I wrote a short post yesterday about a huge attempt to answer the question, “What proportion of results reported in psychology journals can be repeated?” This was a massive study in which dozens of psychology researchers simply went and repeated 100 studies published in three respectable experimental psychology journals: Psychological Science, Journal of Personality and Social Psychology, and Journal of Experimental Psychology: Learning, Memory, and Cognition. The full paper, along with a one page summary, is published in Science (see reference and free download below); the authors call themselves the “Open Science Collaboration” (OSC). There’s also a summary piece in the New York Times, a sub-article highlighting three famous studies that couldn’t be repeated by OSC (including one on free will, which I wrote about yesterday), and a newer op-ed in the Times arguing that this failure to replicate doesn’t constitute a scientific crisis, but simply shows science behaving as it should: always scrutinizing whether published results are reliable.

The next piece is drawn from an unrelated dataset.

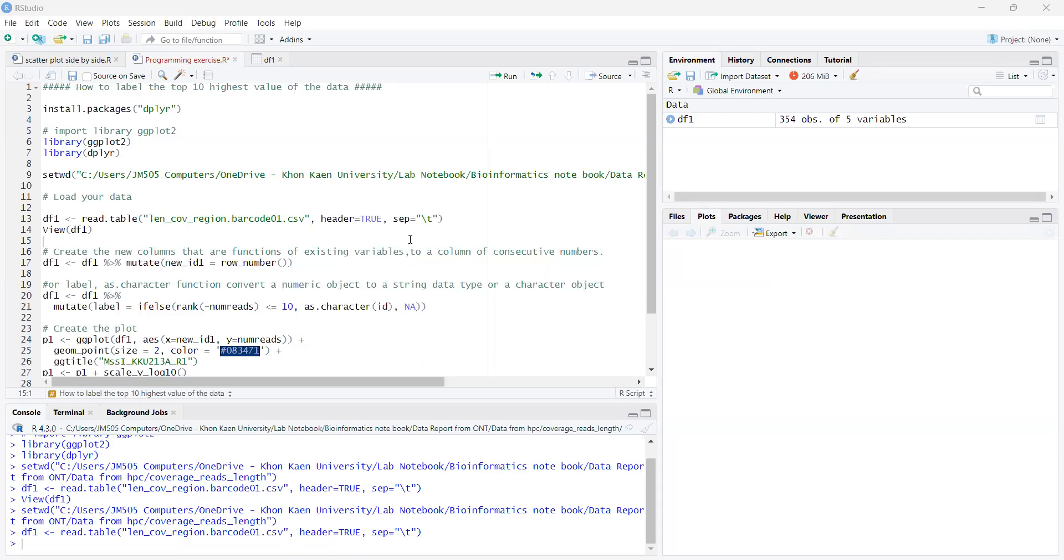Good morning, everybody. My name is Asahi. Today I would like to present about my individual assignment in R programming.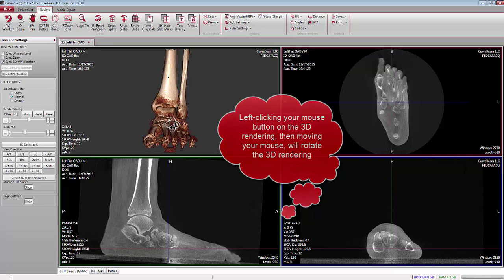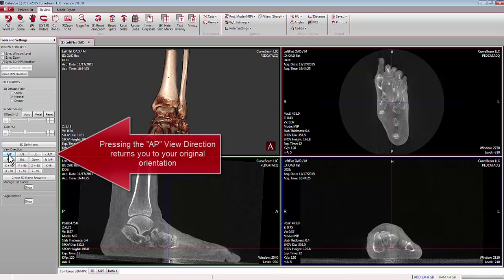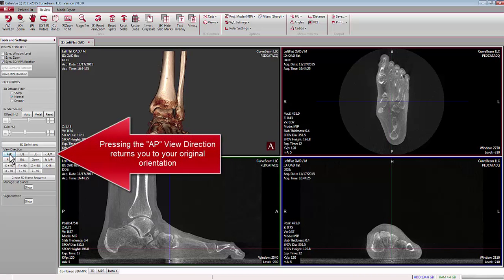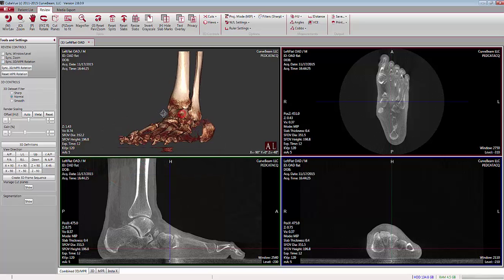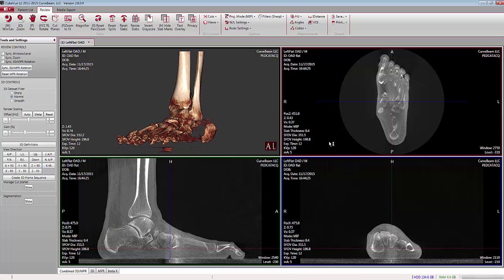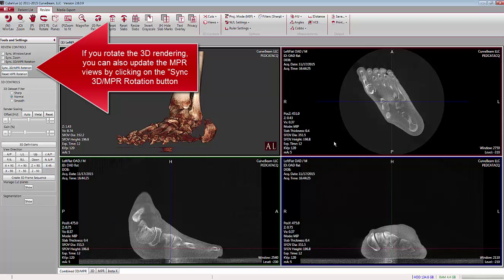You can always return to the original orientation by pressing the AP view direction button on the left-hand pane. If you have not checked the Synchronize 3D NPR Rotation checkbox and you've been rotating the volume and would like to immediately update the NPR views, just click on the Synchronize 3D NPR Rotation box and all of the views will update automatically.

Even before this paper was published, I argued that people should do in biology what these folks did in psychology: test experimental results that are impressive but rarely repeated. In psychology, as in evolutionary biology and ecology, significant findings aren’t often repeated, for doing so takes hard-to-come-by money and a concerted effort— an effort that isn’t rewarded. (You don’t get much naches or professional advancement by simply repeating someone else’s work.) Further, in biology (and presumably in experimental psychology), work isn’t often repeated as the normal by-product of building on previous results. For example, if you want to use new gene-replacement methods, you are obliged to indirectly replicate other people’s protocols before you can begin to insert your own favorite gene.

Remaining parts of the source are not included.